Chen designed a study — which he describes in detail in this blog post — to look at how language might affect individual’s ability to save for the future. According to his results, it does — big time.
Oh this is incredibly interesting and I’ve been thinking about similar things fairly often in connection with gender neutral pronouns. There are people who asked me to use them when referring to them and of course I respect their wishes and do it when using English.
The confusing and troublesome thing is that I can’t think about them in a gender neutral way and end up randomly picking one gender for them to use in my thoughts. Why? Because I think in my language and it doesn’t support gender neutral, unless I’ll think about these people as “it”, which would be rude, derogatory and it’s used for inanimate things and it would make me feel like filth to think in such a way about living people.

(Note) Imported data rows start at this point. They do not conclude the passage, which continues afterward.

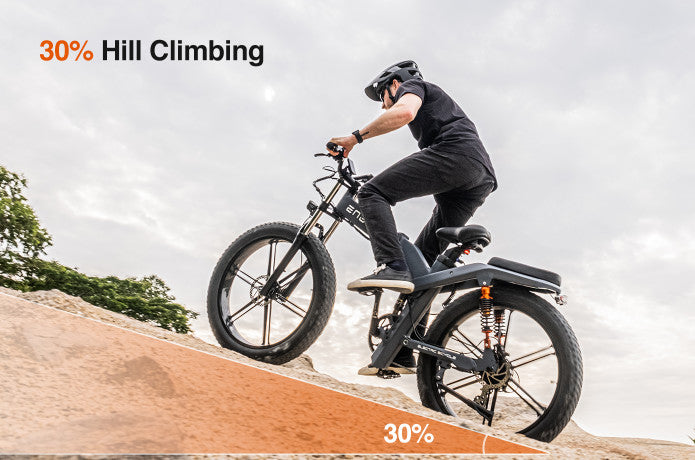 Engwe X20 Electric Bike Black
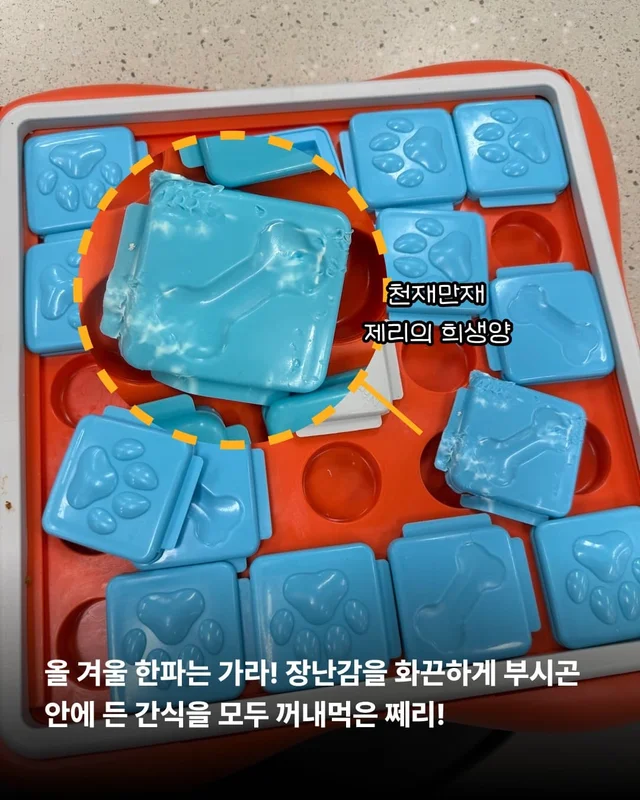 장난감을 부수고도 칭찬받는 개가 있다?! 바로 나야, .. 현장 사진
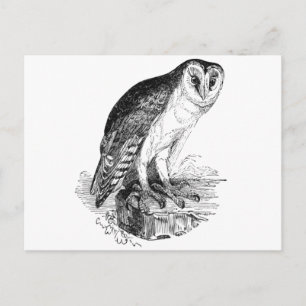 Barn Owl Postcard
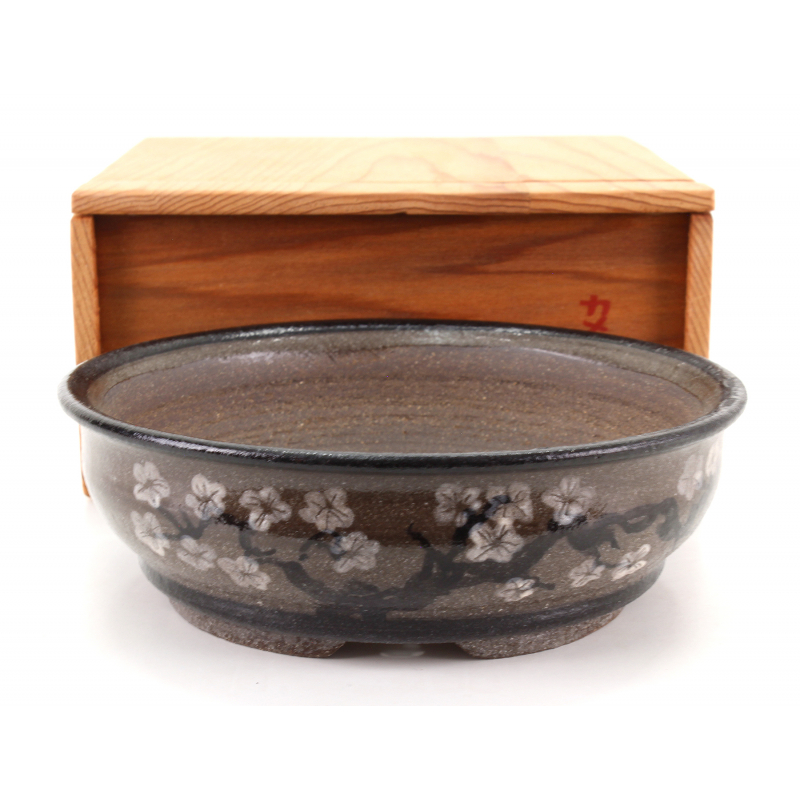 Bonsai pot NAU401 KAMEREON Bonsai pot NAU401 KAMEREON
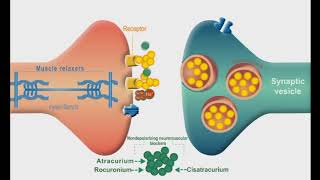 Autonomic Nervous system animation Neuromuscular Junction Blockers [upl. by Eenafets]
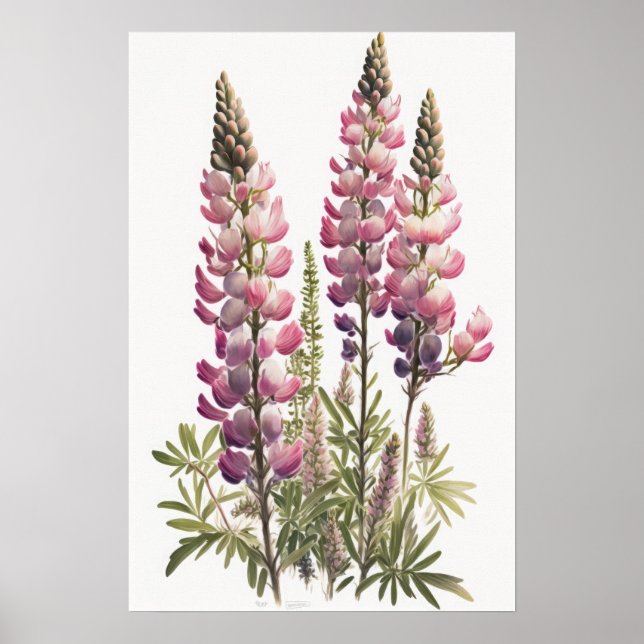 Poster d'impression d'art rose Lupine (Devant)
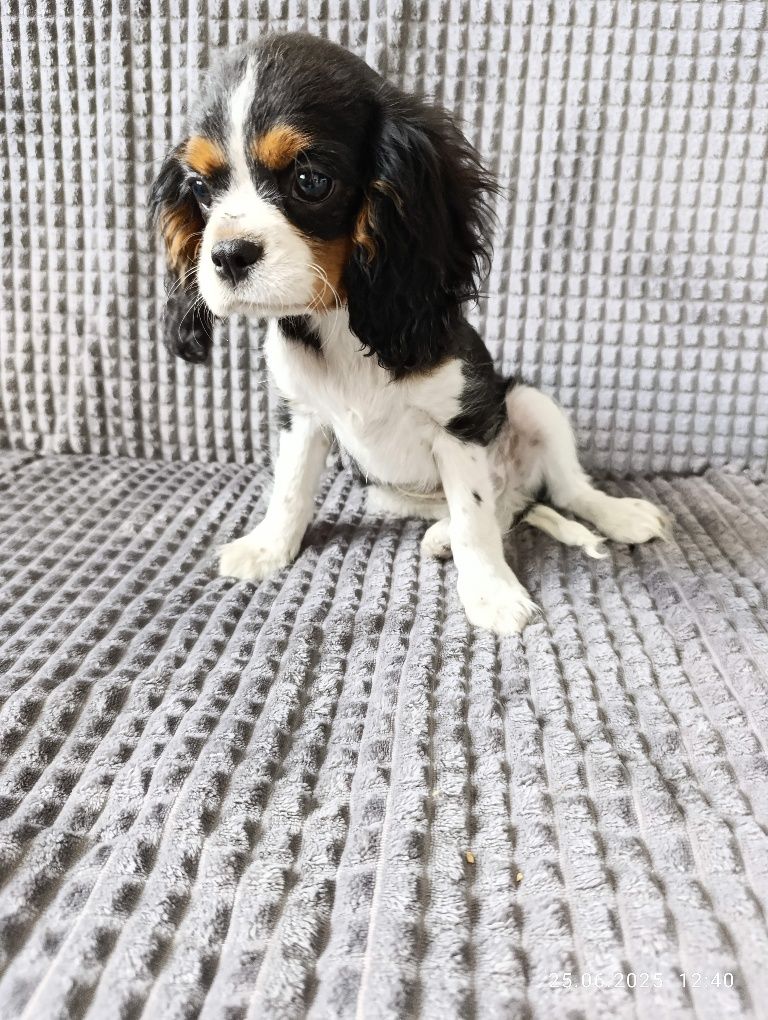 Ostatni piesek!! Cavalier King Charles Spaniel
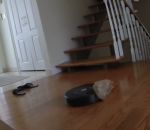 aspirateur escalier Le suicide d'un Roomba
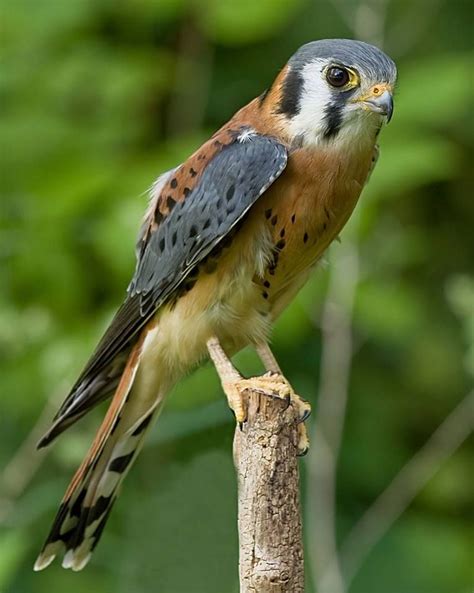 Crécelle d'Amérique du Nord | American kestrel, Kestrel, Birds of prey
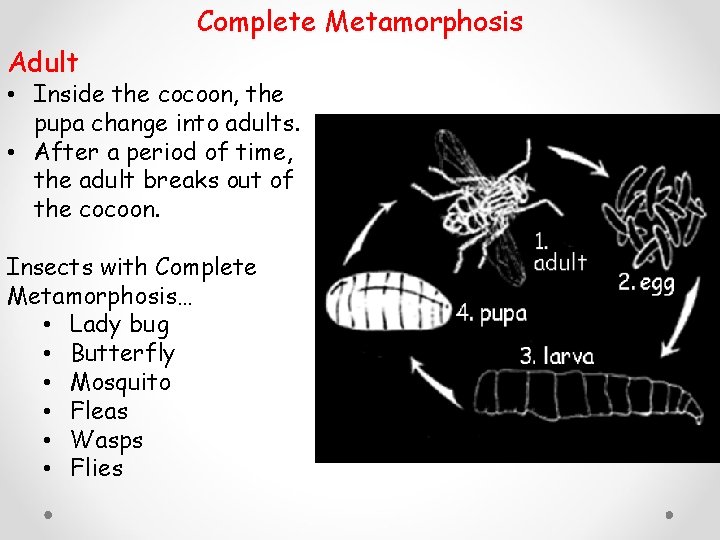 Complete Metamorphosis Adult • Inside the cocoon, the pupa change into adults. • After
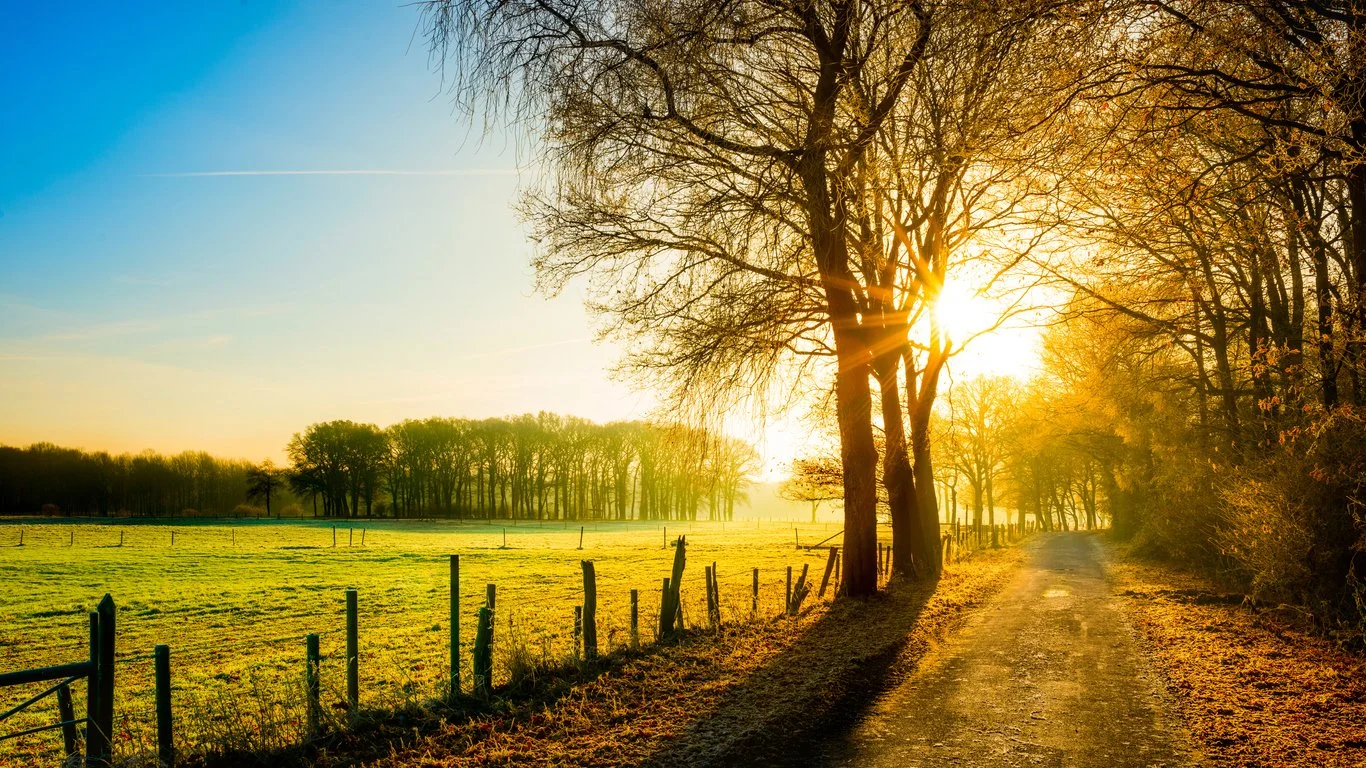 Iowa Land Auction Prices, November 8-14, 2025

You see, my language doesn’t express gender only with pronouns, like English. The verbs, too, are shaped according to grammatical gender, as well as the adjectives. Of course, our nouns all have their assigned gender (and masculine nouns are even divided into animate and inanimate - “male” or “dog” are animate “castle” is inanimate).
Let me give you example. I can’t even say/think in my language “failed” in a gender-neutral way. It’ll be “selhal” (singular) or “selhali” (plural anim.)/”selhaly” (pl. inanim.) if masculine, “selhala“(sg)/”selhaly“(pl.) if feminine gender… and if it happens with things it’ll be “selhalo”/”selhala”. Even when I think or talk about myself, the words are shaped according to my gender.
I’m pretty much tangled in this issue and not sure which solution (picking random gender or using derogatory neutrum) would be the least offensive to these people.
So if I circle back to the reblogged topic - for speakers of language like mine it is much harder to accept and understand gender-neutrality and third gender because of a language that makes it difficult to work with such concepts.